The post-Yugoslav Homo Faber is the ambassador of specific do-it-yourself culture also known as informality. They are the great minds that think alike “the resident architects,” who, as Esra Akcan suggests, write new architectural history that is, similarly to their homes, constantly in the making. (It took me thirty-five years and dozens of inner partition walls that my parents demolished to understand that they belonged to this species exactly.) These world-makers, who are responsible for the afterlife of Yugoslav modernism, are the epitome of the new post-Yugoslav practice of housing, which revolves around a specific form of self-care, in which one grows at home in oneself, in defiance of the official architectural program. They not only make and remake the post-Yugoslav city – they are the city itself.
The post-Yugoslav city of Homo Faber, creator, and curator of their own lives, the book in the making, one nation, under balconology, zero responsibility, glimmers of hope and homes for all.
Oh, the stories I cannot wait to tell!
Note from the editors: Last September, Palgrave Macmillan published the book “The Everydayness of Cities in Transition: Micro Approaches to Material and Social Dimensions of Change” that Sonja Lakić co-edited with Patrícia Pereira and Graça Índias Cordeiro.
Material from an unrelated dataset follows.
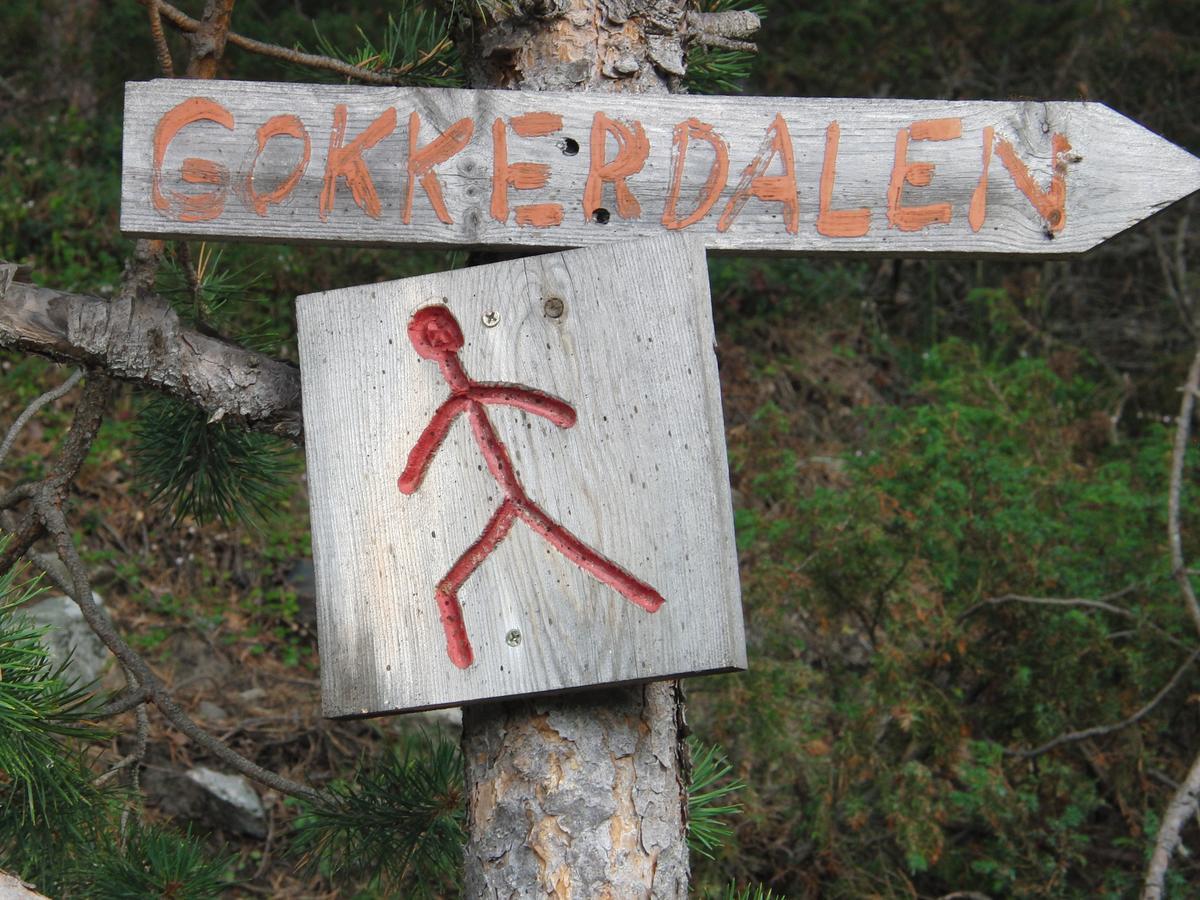 Вилла Strind Gard, Visdalssetra Boverdalen Экстерьер фото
Lakić describes this book as a get-together of researchers who shed light on true colours of cities shining through; this is, at least, what she attempted to do in the chapter that she dedicated to the post-Yugoslav city. In this reading of the holy trinity of her curiosity, i.e. Banja Luka (Bosnia and Herzegovina), Niš (Serbia) and Podgorica (Montenegro), she describes the post-Yugoslav city as “the heteropolis,” a home of specific melancholy, and somewhat a mutant that has still not reached whatever the final destination is.